The rest of us, however, should expect to see a final, polished finish of iOS 10 come September of this year when Apple's biggest seller, the iPhone 7, is expected to go on sale around the world. What we'll see exactly in that update (besides the expected bugs that tend to attach themselves to brand new software) is, of course, already highly rumored on the Internet.
One rumor that might actually have some backing by Apple's CEO himself is the ability to either hide or completely delete Apple's apps that come preinstalled on every iDevice.
Delete Those Unused Apple Apps
At last. After seven generations of iPhones, instead of cramming all of Apple's unusable apps in a single folder, iPhone and iPad users can finally take them out of sight. If they're to be hidden, it's going to be interesting to see how Apple intends to "hide" their apps.
Cook has remarked before that certain apps on iOS remain on iOS because the software could be negatively impacted should they be removed. But he's also said that not all of Apple's apps are completely necessary that way, too.
"So over time, I think with the ones that aren't like that, we'll figure out a way," he shared just months ago.
If you ask us, however, it would just make more sense to delete those apps in the first place anyway – no "fancy" Apple way needed.
Moving on up to a new version of iOS wouldn't be complete without a new set of emoji to send to family and friends.
Bacon. That's certainly one that could be sent to loved ones when chatting about what to have for breakfast. Why type out the word when sending the emoji for it can be so much better?
Thanks to an agreement between Apple and the body that governs the creation and use of emojis (the Unicode Consortium), there could be a total of 74 additional emojis coming to iOS 10. Besides bacon, other emojis include a croissant, an avocado, a Vespa, fist bumps, a fox face, a puking face, a duck, and a smiley faced cowboy.

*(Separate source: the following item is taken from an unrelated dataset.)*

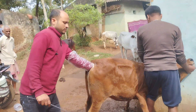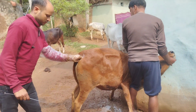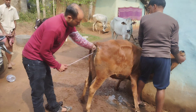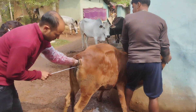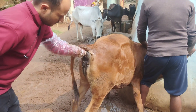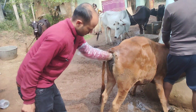Then another person should be positioned at the head of the animal. We are going to show you what it looks like.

A More Powerful Photos App
Apple's Photos app is also expected to get a huge overhaul.
In fact, some of the most useful features from the app's predecessor, iPhoto, could be making a comeback in the Photos app. For example, the tool used to edit an image's EXIF data directly within the app could be featured. Also, users may be able to edit specific areas of a photo they take within the app, too.
Ultimately, face detection would be a welcome feature in the iOS version of the Photos app and it shouldn't be too difficult to include either. The Mac-based Photos app already incorporates the ability to detect faces in a user's library. It'd be a neat feature to make use of that as well on photos taken on an iPhone and stored up in Apple's iCloud.
Surely More To Come
As WWDC nears, the Internet will certainly surface even more rumors and features that might just make it into Apple's mobile OS. Besides the above we've reported on so far, there's certainly more that Apple is packing into the next version of iOS.
Other minor whisperings to be included into iOS 10 is a revampled Control Center. More customization options have long been clamored for in Control Center. With the introduction of 3D Touch, so much more could be done within iOS via Control Center without too much fiddling in Settings.
Finally, the iPad Pro lineup might be getting some special attention in iOS 10. Apple touts the iPad Pros as laptop replacements, so adding in more functionality to its lineup of "Pro" tablets to back up those claims would indeed help the devices actually perform more professional tasks.